[Saved entries]
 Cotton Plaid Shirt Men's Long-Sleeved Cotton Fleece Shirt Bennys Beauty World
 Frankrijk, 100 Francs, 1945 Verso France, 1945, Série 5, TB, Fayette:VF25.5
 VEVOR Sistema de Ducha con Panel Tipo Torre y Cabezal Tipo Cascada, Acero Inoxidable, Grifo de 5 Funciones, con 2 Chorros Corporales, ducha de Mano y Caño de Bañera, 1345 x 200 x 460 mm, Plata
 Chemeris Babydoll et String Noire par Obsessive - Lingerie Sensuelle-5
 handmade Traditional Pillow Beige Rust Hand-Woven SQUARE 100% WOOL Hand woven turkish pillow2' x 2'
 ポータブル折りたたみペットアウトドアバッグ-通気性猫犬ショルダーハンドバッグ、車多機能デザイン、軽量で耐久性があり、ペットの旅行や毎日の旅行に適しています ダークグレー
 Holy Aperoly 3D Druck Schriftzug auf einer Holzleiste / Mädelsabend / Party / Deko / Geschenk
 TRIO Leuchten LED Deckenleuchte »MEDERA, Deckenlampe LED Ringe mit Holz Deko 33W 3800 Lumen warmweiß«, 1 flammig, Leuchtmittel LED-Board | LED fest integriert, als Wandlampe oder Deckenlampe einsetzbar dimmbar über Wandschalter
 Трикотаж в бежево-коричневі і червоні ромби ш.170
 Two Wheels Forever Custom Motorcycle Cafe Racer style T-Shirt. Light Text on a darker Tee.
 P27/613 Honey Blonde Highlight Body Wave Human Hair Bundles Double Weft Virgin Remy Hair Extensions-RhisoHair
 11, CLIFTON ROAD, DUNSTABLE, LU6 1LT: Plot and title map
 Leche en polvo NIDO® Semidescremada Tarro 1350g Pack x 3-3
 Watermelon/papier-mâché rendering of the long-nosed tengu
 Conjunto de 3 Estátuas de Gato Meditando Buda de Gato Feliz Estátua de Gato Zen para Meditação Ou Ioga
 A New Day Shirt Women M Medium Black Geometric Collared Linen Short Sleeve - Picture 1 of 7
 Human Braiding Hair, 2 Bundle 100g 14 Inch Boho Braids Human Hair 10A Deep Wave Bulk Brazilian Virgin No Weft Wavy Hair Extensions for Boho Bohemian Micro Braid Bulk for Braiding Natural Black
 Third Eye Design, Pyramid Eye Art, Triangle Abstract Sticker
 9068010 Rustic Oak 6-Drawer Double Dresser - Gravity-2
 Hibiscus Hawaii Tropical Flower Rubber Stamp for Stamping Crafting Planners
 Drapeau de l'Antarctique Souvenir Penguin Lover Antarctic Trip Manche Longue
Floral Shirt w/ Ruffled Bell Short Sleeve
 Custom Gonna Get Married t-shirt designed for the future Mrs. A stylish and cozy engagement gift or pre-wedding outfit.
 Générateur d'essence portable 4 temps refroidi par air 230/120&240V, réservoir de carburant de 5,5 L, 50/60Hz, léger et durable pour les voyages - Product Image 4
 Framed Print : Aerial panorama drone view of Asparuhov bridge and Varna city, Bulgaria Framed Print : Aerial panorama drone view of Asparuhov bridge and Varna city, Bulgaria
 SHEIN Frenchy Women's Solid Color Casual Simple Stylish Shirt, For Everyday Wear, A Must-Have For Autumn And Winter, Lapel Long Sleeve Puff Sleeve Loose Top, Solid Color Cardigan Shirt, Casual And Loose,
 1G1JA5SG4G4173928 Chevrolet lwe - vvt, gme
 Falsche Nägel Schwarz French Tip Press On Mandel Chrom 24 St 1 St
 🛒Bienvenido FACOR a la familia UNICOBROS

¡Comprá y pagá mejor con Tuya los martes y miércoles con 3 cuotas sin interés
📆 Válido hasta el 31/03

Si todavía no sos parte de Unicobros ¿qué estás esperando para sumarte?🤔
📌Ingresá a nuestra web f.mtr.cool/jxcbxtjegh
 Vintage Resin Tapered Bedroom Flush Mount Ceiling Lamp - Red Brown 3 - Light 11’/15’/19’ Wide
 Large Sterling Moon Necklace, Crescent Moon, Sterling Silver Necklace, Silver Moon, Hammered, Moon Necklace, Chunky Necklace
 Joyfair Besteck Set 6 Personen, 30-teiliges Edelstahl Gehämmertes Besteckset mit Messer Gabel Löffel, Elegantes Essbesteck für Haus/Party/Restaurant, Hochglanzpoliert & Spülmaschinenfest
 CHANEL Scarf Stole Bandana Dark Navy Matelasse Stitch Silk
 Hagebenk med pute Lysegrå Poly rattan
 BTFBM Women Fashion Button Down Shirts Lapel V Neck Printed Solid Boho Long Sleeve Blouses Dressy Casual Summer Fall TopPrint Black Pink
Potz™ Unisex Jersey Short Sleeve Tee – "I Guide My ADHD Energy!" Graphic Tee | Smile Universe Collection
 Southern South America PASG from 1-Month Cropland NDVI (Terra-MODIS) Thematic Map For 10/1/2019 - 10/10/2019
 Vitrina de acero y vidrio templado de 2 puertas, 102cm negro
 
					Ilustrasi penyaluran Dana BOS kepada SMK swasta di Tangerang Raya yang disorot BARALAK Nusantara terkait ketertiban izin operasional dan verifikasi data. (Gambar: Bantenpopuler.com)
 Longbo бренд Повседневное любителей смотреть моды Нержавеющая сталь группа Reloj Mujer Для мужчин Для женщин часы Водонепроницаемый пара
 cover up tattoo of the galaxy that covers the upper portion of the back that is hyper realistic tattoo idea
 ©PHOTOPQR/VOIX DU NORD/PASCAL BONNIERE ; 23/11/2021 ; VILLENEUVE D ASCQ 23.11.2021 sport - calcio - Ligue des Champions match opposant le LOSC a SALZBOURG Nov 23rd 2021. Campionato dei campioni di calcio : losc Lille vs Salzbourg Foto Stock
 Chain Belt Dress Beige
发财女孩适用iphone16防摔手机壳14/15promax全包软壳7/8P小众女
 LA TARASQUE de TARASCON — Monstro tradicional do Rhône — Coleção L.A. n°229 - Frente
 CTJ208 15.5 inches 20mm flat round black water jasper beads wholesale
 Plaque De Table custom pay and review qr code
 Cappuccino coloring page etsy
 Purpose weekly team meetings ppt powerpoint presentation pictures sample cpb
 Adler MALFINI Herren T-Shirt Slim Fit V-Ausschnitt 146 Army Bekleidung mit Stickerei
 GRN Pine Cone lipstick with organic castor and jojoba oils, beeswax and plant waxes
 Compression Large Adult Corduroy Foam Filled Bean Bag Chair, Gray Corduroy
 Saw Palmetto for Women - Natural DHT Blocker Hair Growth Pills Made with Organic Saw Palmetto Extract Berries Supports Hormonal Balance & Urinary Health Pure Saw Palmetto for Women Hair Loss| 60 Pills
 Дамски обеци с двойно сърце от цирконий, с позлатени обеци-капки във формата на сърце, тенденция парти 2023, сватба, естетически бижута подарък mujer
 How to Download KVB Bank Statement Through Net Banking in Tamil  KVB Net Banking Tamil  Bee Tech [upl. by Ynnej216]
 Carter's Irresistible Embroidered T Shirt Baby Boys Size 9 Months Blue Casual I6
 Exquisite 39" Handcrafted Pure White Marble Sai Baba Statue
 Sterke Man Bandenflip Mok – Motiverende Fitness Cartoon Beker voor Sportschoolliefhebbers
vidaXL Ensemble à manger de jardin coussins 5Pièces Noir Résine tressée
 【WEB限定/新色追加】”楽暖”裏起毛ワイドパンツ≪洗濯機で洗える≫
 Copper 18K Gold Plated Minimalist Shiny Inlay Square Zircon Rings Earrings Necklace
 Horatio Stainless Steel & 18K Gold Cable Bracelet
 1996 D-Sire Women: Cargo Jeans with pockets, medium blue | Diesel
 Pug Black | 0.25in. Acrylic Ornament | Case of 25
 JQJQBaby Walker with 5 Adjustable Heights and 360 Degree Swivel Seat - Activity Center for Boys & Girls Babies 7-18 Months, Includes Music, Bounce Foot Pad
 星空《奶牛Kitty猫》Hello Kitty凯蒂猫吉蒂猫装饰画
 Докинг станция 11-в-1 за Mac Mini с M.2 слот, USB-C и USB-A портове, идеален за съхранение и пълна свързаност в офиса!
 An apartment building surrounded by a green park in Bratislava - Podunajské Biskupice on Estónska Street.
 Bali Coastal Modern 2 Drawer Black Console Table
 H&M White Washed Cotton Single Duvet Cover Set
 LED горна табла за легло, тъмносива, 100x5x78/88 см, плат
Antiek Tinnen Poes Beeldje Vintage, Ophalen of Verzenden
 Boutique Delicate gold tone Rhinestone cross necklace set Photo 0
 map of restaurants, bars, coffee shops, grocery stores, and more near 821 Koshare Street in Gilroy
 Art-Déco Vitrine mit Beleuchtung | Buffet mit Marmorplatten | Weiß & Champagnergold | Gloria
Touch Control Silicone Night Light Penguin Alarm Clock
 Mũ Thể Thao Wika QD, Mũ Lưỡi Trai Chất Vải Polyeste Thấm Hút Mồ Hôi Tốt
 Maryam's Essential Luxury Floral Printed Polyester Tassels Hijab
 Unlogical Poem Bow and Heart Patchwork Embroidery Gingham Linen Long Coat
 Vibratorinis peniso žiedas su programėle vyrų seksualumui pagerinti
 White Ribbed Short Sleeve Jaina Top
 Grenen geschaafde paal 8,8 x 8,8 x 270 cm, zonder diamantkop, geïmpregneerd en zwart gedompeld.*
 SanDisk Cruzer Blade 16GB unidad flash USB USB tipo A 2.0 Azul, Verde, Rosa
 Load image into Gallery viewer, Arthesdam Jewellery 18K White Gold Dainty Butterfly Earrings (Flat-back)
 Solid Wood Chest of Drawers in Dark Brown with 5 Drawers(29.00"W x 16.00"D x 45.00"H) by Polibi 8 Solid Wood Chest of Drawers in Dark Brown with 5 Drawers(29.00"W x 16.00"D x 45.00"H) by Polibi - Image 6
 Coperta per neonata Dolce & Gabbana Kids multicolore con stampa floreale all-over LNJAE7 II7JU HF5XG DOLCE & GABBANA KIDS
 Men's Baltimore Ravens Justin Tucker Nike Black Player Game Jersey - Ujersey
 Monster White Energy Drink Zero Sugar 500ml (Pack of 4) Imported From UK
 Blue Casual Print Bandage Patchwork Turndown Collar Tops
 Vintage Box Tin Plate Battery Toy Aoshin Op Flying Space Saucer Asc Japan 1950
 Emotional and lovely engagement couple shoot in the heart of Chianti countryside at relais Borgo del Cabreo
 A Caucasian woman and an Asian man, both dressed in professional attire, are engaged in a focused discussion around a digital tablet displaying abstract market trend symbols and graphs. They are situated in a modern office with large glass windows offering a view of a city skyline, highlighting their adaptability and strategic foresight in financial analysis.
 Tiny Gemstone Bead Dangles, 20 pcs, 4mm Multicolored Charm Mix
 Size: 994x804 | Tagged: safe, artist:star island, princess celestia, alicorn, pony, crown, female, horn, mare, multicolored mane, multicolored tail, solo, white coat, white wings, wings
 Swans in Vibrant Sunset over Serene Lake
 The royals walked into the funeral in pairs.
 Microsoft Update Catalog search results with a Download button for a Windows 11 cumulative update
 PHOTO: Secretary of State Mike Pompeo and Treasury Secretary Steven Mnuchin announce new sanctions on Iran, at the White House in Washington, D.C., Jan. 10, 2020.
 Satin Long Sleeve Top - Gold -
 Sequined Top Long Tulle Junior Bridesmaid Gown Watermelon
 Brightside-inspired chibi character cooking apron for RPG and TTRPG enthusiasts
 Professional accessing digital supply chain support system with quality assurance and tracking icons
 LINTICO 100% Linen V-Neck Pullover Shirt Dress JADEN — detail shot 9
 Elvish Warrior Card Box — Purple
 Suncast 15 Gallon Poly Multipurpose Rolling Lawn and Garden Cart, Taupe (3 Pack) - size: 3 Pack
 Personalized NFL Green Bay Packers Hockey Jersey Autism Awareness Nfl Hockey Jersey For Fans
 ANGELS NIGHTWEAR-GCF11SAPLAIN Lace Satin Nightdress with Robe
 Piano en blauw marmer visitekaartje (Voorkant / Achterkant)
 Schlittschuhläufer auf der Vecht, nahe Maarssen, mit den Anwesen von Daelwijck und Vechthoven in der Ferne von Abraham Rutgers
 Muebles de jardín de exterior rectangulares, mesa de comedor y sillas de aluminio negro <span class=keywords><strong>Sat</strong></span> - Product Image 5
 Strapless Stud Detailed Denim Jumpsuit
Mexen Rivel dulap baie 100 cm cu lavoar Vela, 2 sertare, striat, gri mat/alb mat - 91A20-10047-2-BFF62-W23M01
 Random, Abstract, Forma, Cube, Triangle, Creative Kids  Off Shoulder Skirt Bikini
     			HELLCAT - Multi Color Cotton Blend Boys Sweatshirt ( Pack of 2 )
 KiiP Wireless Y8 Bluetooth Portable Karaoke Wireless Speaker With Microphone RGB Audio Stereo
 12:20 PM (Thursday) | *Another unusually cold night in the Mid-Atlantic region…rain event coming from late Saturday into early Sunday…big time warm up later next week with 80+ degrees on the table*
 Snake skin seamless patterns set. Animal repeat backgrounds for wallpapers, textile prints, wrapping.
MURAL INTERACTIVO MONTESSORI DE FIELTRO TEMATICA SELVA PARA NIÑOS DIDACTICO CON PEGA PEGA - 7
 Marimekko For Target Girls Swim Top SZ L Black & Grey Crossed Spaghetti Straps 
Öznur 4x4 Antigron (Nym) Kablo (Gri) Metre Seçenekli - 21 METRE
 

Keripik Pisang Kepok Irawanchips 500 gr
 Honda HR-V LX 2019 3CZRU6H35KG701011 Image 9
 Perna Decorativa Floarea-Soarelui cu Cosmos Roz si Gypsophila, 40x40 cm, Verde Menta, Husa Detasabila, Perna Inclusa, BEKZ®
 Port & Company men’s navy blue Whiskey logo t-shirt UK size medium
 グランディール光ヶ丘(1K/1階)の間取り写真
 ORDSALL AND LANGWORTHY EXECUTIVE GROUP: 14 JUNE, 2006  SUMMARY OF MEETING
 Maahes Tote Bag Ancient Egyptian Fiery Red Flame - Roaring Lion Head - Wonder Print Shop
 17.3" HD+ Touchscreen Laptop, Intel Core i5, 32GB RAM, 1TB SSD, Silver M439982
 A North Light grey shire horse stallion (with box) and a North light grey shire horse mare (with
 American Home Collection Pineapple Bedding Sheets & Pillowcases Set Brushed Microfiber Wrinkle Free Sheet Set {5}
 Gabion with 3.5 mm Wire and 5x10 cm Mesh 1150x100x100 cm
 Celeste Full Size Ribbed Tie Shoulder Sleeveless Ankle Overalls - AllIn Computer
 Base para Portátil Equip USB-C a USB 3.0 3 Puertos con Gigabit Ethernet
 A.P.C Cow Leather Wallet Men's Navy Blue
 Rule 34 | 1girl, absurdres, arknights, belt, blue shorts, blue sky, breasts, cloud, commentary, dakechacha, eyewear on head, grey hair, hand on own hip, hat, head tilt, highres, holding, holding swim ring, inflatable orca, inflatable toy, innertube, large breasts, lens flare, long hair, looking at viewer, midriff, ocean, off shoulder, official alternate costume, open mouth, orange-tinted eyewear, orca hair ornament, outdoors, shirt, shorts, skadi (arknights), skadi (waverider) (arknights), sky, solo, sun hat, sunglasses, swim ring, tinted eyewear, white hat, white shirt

> _Task details_: Starting at the line that contains "Touch Control Silicone" and stopping after the line that contains "Load image into", write out every line exactly as it appears above, and no other line.

> _Solved problem_:
Touch Control Silicone Night Light Penguin Alarm Clock
 Mũ Thể Thao Wika QD, Mũ Lưỡi Trai Chất Vải Polyeste Thấm Hút Mồ Hôi Tốt
 Maryam's Essential Luxury Floral Printed Polyester Tassels Hijab
 Unlogical Poem Bow and Heart Patchwork Embroidery Gingham Linen Long Coat
 Vibratorinis peniso žiedas su programėle vyrų seksualumui pagerinti
 White Ribbed Short Sleeve Jaina Top
 Grenen geschaafde paal 8,8 x 8,8 x 270 cm, zonder diamantkop, geïmpregneerd en zwart gedompeld.*
 SanDisk Cruzer Blade 16GB unidad flash USB USB tipo A 2.0 Azul, Verde, Rosa
 Load image into Gallery viewer, Arthesdam Jewellery 18K White Gold Dainty Butterfly Earrings (Flat-back)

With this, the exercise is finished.